Introduction

Implementatino of paper "Towards Interpreting Recurrent Neural Networks through Probabilistic Abstraction" in ASE 2020.

Project structure

This project is organized as the following modules:

target_models

Functions of this module are:

1. Define the architecture of neural networks. In this project we use two common architectures: LSTM and GRU
2. Train and save models. All the trained models are saved in the data folder. More details are introduce later.

data

This module consists of three folders:

• wordvec: a pretrained word2vec model is placed here.
• training_data: this folder contains four datasets and their corresponding data processing code. The four datasets are listed as follows:
  • bp
  • tomita
  • imdb
  • mr
• no_stopws: this folder stores all the essential data of this project. They are:
  • trained_models: the trained models.
  • ori_trace: the original execution trace of RNN(LSTM/GRU)
  • L1_trace: the result of leve1 abstraction
  • L2_results: the extracted PFAs
  • adv_text: adversarial texts generated by TEXTBUGGER over IMDB and MR datasets

ori_trace_extraction

The function of this module is to extract the execution trace of LSTM/GRU for each input sequence.

level1_abstract

The function of this module is to convert the origianl trace to the symbolic trace by k-menas clustering

level2_abstract

The function of this module is to extract a PFA using the symbolic traces derived from the target model

experimnets

We organize all the code answering the research questions related to PFA.
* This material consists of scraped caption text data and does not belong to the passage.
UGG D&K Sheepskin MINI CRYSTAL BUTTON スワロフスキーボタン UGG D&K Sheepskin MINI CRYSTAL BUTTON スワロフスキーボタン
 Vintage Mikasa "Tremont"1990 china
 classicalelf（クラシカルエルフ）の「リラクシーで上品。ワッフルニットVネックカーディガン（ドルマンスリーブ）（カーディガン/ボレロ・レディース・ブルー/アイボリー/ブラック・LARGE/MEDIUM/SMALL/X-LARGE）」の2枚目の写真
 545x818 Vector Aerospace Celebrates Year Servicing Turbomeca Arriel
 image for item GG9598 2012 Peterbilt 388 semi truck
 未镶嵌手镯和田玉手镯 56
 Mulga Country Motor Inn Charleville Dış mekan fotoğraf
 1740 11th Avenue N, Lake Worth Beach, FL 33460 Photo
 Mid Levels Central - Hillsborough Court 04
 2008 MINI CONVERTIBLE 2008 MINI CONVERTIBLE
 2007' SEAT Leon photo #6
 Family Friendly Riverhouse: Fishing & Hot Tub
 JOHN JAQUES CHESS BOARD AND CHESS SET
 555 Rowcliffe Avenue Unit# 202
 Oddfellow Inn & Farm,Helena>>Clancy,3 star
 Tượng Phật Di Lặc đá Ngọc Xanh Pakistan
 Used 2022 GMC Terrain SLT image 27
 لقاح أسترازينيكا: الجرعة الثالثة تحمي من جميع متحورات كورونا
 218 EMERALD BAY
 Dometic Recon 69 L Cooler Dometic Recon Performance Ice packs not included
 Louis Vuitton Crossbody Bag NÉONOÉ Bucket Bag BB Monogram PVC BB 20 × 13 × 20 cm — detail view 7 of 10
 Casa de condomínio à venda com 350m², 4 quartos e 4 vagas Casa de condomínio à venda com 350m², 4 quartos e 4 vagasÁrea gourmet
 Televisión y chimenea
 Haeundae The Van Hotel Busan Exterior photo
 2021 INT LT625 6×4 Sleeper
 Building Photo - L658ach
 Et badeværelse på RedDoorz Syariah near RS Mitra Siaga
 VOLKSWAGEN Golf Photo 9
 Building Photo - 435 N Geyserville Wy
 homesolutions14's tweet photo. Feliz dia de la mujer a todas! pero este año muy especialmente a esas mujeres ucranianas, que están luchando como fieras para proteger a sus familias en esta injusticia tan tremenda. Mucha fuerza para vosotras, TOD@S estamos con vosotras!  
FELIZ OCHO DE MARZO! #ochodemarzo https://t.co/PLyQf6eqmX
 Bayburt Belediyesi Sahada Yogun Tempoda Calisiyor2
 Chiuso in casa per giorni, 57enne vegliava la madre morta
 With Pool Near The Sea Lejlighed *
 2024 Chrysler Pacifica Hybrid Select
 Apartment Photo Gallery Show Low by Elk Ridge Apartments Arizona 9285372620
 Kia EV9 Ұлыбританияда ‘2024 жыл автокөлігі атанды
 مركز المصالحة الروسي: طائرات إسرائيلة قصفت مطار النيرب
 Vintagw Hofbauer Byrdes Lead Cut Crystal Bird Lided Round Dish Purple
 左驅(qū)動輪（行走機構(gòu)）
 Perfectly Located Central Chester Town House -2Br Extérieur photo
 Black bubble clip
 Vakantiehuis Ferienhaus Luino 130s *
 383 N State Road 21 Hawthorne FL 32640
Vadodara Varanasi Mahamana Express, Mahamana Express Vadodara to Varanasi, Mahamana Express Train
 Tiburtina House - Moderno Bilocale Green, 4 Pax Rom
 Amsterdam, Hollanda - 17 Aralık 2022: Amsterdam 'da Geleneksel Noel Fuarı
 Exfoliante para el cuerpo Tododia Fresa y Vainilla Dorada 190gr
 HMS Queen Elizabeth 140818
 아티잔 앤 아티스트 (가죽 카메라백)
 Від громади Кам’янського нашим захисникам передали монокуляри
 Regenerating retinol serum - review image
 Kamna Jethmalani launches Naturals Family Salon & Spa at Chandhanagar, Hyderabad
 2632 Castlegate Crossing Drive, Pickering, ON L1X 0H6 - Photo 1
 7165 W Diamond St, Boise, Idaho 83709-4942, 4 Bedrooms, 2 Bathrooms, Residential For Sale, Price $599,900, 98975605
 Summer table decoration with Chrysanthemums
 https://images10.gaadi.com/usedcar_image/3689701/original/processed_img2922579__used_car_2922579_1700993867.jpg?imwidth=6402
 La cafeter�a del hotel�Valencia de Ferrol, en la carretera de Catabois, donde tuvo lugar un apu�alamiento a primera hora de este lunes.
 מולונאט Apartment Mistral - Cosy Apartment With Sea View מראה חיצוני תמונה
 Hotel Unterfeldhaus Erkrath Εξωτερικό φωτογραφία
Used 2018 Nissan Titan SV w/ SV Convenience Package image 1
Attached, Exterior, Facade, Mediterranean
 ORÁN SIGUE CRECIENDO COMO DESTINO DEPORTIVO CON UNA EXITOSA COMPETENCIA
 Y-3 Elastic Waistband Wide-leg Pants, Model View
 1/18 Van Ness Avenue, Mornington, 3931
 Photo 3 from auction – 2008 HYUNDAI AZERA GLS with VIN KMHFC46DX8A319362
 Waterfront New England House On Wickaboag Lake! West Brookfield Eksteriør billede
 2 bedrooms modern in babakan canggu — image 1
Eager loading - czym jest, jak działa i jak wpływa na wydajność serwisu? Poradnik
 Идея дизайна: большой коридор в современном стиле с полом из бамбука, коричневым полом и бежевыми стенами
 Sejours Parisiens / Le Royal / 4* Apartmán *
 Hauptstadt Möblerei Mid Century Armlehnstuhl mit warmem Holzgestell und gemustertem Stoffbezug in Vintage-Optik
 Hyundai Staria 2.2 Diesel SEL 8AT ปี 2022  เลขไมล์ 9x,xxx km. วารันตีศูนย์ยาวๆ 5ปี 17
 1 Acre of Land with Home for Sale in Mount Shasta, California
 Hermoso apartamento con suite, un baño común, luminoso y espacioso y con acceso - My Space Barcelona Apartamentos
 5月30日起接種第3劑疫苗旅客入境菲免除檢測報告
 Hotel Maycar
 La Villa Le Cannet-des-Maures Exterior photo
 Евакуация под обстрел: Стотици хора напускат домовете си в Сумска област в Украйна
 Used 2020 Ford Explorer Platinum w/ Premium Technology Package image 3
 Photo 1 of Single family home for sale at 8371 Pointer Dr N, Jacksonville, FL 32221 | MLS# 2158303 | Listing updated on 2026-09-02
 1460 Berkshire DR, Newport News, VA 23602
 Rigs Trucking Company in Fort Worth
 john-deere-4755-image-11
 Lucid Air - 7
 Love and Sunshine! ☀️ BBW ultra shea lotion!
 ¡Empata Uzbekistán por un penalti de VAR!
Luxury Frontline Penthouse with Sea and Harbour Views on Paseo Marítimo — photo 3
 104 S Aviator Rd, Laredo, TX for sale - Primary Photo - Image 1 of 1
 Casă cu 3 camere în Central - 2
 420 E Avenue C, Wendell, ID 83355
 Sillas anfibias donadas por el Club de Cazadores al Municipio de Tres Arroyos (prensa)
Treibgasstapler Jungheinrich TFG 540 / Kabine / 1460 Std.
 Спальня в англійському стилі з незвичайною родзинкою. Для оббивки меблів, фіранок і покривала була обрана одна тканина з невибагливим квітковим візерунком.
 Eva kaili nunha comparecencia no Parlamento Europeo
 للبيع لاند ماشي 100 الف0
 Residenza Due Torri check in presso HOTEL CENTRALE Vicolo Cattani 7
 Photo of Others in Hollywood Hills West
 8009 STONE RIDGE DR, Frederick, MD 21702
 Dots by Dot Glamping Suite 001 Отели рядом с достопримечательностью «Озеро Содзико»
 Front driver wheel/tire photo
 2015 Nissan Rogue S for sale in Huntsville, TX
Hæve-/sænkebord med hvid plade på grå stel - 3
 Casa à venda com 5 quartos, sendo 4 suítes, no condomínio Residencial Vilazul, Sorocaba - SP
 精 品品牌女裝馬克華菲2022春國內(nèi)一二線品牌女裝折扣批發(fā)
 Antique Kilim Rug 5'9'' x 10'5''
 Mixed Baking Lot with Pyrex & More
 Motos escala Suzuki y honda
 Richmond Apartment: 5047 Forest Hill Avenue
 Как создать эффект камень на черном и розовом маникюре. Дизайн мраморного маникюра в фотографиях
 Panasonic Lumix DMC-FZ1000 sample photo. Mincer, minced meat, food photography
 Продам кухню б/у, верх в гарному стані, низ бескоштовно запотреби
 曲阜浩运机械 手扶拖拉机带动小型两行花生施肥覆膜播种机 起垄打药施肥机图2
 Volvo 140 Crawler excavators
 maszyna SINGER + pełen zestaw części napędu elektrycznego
The effectiveness folder contains the code of RQ1 and RQ2

The appliaction folder contains the code of RQ3.

baseline

This module contains the implementation of two baselines:

utils

some helper functions are organized here.

How to use?

Prepare data

• word2vec model:

  • Download word2vec model GoogleNews-vectors-negative300.bin
  • place the model in data/wordvec folder

• unzip others compressed data into the data folder

• Other third-part artefacts

  • refer to experiments/application/adv_detect/textbugger/universal-sentence-encoder/REDME and run experiments/application/adv_detect/textbugger/universal-sentence-encoder/download.py to download the corrpesponding artefact for adversarial texts.
  • Download model checker prism

• configure the following path in utils/constant.py

  • PROJECT_ROOT, e.g.:

    PROJECT_ROOT = "/home/username/project/learn_automata_rnn"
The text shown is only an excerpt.